Existen muchos testimonios que demuestran que las mujeres han sido humilladas, torturadas y degradadas por el sistema de prisiones del Reino Unido es interesante mencionarlos y denunciar el horrible racismo y explotación de la mujer. De acuerdo con una investigación del diario The Guardian de hace tres años, el abuso sexual es la forma de humillación más común en las prisiones del Reino Unido.  Los empleados de las prisiones abusan a las reclusas a cambio de beneficios tales como cigarros, jabón e incluso salidas de la prisión.

Es difícil concebir que los empleados abusen de su 'poder' con el fin de aniquilar la dignidad de las mujeres en posiciones de debilidad de las maneras más horrendas. También es difícil imaginar que mujeres encarceladas por ofensas menores como uso de drogas o crímenes pequeños, mujeres que han sufrido miseria, pobreza e infelicidad constantes durante su vida y que fueron sentenciadas de manera injusta, sean castigadas de nuevo, ahora por un sistema legal, como la prisión y de una manera más cruel.

La investigación incluye tesimonios individuales de mujeres en prisiones británicas quienes han sido hostigadas sexualmente. Todas las presas han denunciado hostigamiento de los empleados, tanto por parte de hombres como de mujeres. Algunas de ellas explican que en la mayoría de los casos es difícil rechazar el sostener relaciones sexuales, ya que éstas las permiten a las reclusas reducir sus sentencias, ser trasladadas a instalaciones con mejores condiciones o inlcuso encontrar trabajo. Una mujer dijo 'esto es parte de la vida normal de la via en prisión y es muy intimidante. Si no accedes a las proposiciones de los empleados de la prisión, no progresarás, no obtendrás buenos trabajos o los cursos que te ayudan a obtener un salida más rápida de prisión'. Favores sexuales incluyen desvestirse para las revisiones, bailar en las piernas de alguien, tener sexo con hombres o mujeres y muchos otros. Sara Taylor (34 años) denunció 'Toda la situación es horrible. He sufrido abuso sexual en mi vida y no espero verlo en prisión, donde se supone que existe la provision de cuidado. Es realmente muy malo'.
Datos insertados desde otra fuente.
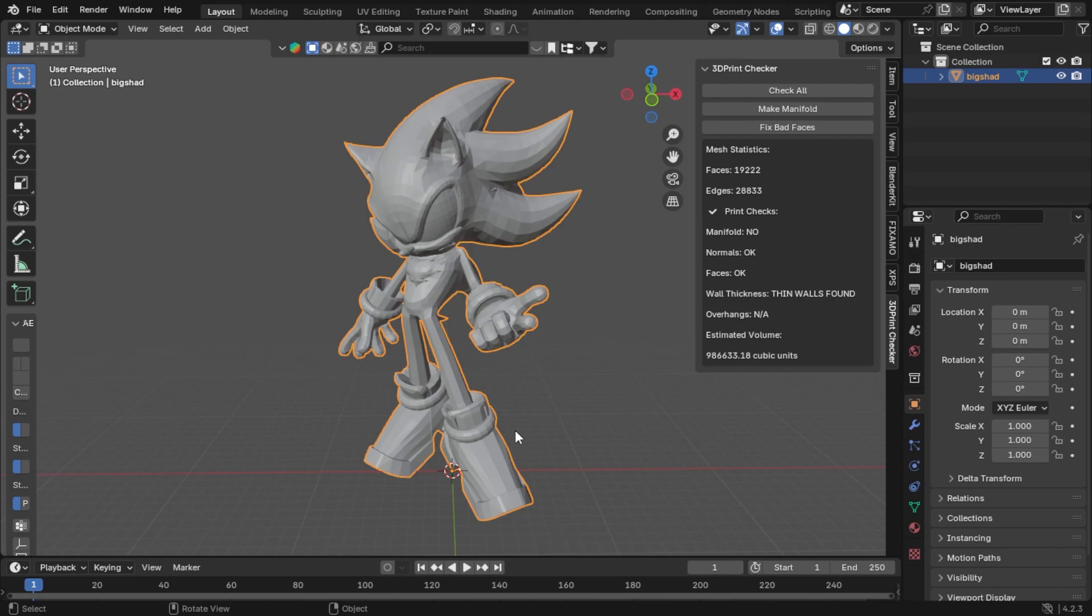And now when you export it and you bring it into your slicer, you're not going to get any errors. And it also displays all of your information right here on exactly what it's doing and by its cubic units, which is very important that it didn't show you before.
Para retomar a lo que describía en un principio como más alla de la imaginación, ahora debería ser claro cómo esas violaciones a los derechos humanos y violaciones a la integridad individual no sólo exceden la imaginación si no la lógica. Se acepta normalmente que los convictos en prisión sufren regularmente de locura y mala salud mental y que por esta misma razon son enviados a prisión. Pero, ¿qué tan correcto sería plantear el argumento de que las instituciones, gobiernos, oficiales y todos esos agentes que tienen la obligación de guiar en la sociedad, carecen  de un sentido de racionalidad, sensibilidad y humanidad?  Friedrich Nietzsche hizo la siguiente observación en su libro 'Beyond Good and Evil (Más allá del bien y el mal) La locura es rara en individuos-- pero en grupos, partidos políticos, naciones y edades, es la regla'. Creo que esta frase sumariza la irracionalidad e injusticia de la encarcelación masiva femenina alrededor del mundo junto con el cruel e inhumano tratamiento de las mujeres en las prisiones.